Well, if we delve a little deeper you'll discover not all salt is created equal and if you are going to add salt to your food there are some better choices you can make than table salt.

Before we get into the details let's consider that salt is one of the basic five tastes and that it plays an important role in how the human body functions. Salt is made up of the compounds sodium and chloride. Sodium chloride plays a role in fluid regulation, muscle contraction, pH balance and digestion. Our bodies cannot make salt on their own, we rely on getting salt from the food we eat.

I'm not an expert in that I'm not a doctor, dietician or nutritionist, but the problem with salt as I see it is the quality and quantity consumed (consult a practitioner if you are wondering about your salt intake). Real unprocessed salt in and of itself is not the problem, the problem is that refined salt is a dominant ingredient in many processed foods from breakfast cereals to deli meats. So, if the majority of the food you eat comes from packets your refined salt intake is already high and then if you are adding salt at the table overload is on the cards. This adds up to excess salt consumption coupled with the additives found in table salt. Who wants to eat aluminium? No thanks.

Different forms of salt explained

Table salt

The luminous white powdery stuff referred to as table salt is a highly refined version of the mineral that originally came from the earth. The problem with this kind of salt is that through processing it is stripped of its naturally present trace minerals and is often mixed with anti-caking agent (some of which contain aluminium). Table salt is also fortified with iodine, iodine is essential for good hormone health and vitally important in pregnancy for the development of healthy babies. You can read more about iodine on Cyndi O'Meara's site. Seaweed is a good source of iodine, but like everything it is important to get the balance right for your individual body.

Sea Salt

Sea salt can vary in colour from white to grey to pink, depending on where it is harvested. Sea salt is unprocessed, hand-harvested and free of additives. Some sea salts are moist others are dry.

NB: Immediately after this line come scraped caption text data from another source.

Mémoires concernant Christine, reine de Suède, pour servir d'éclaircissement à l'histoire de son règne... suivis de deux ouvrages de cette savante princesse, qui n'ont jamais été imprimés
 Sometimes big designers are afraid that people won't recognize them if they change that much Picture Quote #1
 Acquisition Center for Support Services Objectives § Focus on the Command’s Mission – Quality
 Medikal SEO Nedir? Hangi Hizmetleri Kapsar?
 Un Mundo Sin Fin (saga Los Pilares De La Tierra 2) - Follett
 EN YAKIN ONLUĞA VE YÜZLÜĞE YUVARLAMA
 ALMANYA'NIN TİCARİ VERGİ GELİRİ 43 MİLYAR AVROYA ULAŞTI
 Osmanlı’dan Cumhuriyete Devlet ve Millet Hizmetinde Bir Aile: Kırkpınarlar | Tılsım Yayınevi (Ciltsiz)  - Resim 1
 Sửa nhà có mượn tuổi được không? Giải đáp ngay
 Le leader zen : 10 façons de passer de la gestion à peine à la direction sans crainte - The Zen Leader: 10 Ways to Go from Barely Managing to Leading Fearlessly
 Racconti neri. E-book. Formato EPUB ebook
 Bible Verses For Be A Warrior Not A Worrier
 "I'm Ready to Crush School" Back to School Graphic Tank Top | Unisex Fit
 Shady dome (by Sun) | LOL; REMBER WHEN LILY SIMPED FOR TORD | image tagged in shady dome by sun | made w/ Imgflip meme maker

The label on the Macrobiotic Sea Salt pictured above reads:

..."It is dried only by the hot summer sun and wind. It is harvested in late summer by salt farmers who delicately gather the salt from the marshes with wooden hand tools. This salt is unrefined, unwashed and free of flowing agents and additives. Because this salt is only sun dried it retains the ocean's moisture, which helps lock in many naturally occurring trace elements"

Himalayan Salt

Himalayan salt is mined in the Khewra Salt mines in Pakistan and is celebrated for being unprocessed, having 84 trace elements and additive free.

Table Salt, Sea Salt and Himalayan Salt are all forms of sodium chloride so need to be used mindfully, however it is the fact that Sea Salt and Himalayan Salt are unprocessed and additive free that sets them apart from table salt.

Another difference is the flavour. Once you stop eating table salt your taste buds adjust and flavours become heightened. To my taste, table salt is harsh.

When you find yourself feeling overwhelmed or confused about deciding what to eat, think about your where the food you are going to eat comes from:

Would you prefer salt of the earth or salt of the factory?

And as with all foods, don't fool yourself into thinking that because something is natural or real that you can eat as much of it as you want. For me the practice of being truthful with myself about what agrees with my body is as important as the actual food.

Do you use salt? What kind? Love to hear your thoughts in the comments.